Cigarettes first rolled off the production line at Wills Tobacco’s state-of-the-art Hartcliffe factory in 1974, after the company moved its processing plants from Bedminster and Ashton, home to Wills’s ‘Number One’ factory and site of its ‘Number Four’ plant respectively.
The planners – and the Board at Wills – believed this modern, efficient factory would produce cigarettes for decades to come – but in reality the last cigarette carton was sealed in 1990.
It was a time when greater health awareness (coupled with increased duty on tobacco) seemed intent on stubbing out tobacco sales.
In the 1980s, Wills’s 200th anniversary celebrations were tarnished by the closure of its London depot and the company’s Glasgow and Swindon factories.

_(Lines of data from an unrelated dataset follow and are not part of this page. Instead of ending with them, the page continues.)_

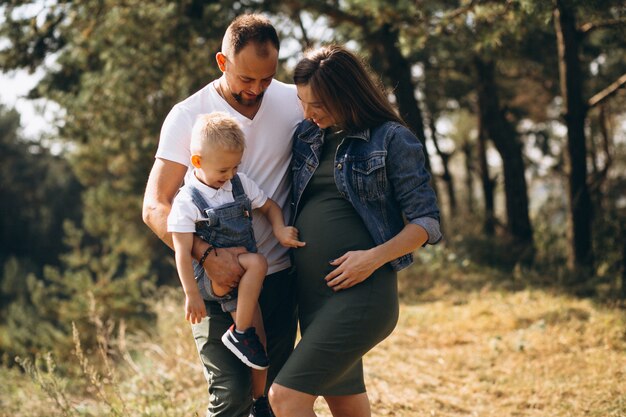 Husband with pregnant wife and their son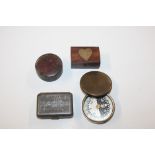 A box containing matchbox, compass, trinket box et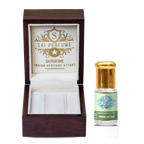 Applying alcohol-free Gul Henna Attar perfume oil to the skin, highlighting its rich, sweet floral and warm spicy natural fragrance notes.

As Hanson went onto acquire Imperial Tobacco, owners of Wills, sales teams were merged, the old factory buildings in Bristol were demolished and efforts to further streamline the company were put into effect.
This culminated with the head office at Hartcliffe closing in 1989, followed by the transfer of cigarette manufacturing from Hartcliffe to Nottingham in 1990.
A decade or so afterwards, the site was cleared (although the office buildings were retained), and the old Wills’s site redeveloped.
The company’s history can be traced back to 1786 when a partnership was set up between Henry Overton Wills and Samuel Watkins.
Starting life in Salisbury, Wills eventually moved the company to Castle Street in Bristol, while only a few years later it re-located again, this time to Redcliffe Street.
Aerial view of the Hartcliffe site
Almost a hundred years since it rolled its first tobacco, the company was valued at more than £30m (in today’s money) with brands such as ‘Woodbine’ soon becoming market leaders.
‘Capstan’ and ‘Gold Flake’ followed suit and so long as there were World Wars to fight, cigarette manufacture was a lucrative way to make a living.
In the 1960s, Wills produced 120,000 cigarettes every hour and with the popularity of ‘Strand’ and ‘Embassy’ brands, the company’s future seemed secure.
Hartcliffe's new factory in production
But with increased health awareness and a steady rise in excise duty, the golden age of cigarettes was over by the end of 70s, and despite the investment made by Wills, production tailed-off dramatically, forcing the Board to cut back while the nation cut down.
In the end, the Hartcliffe factory – despite the superlatives – was too much of a drag on the company’s health and at the end of the millennium it was flattened to make way for a retail park.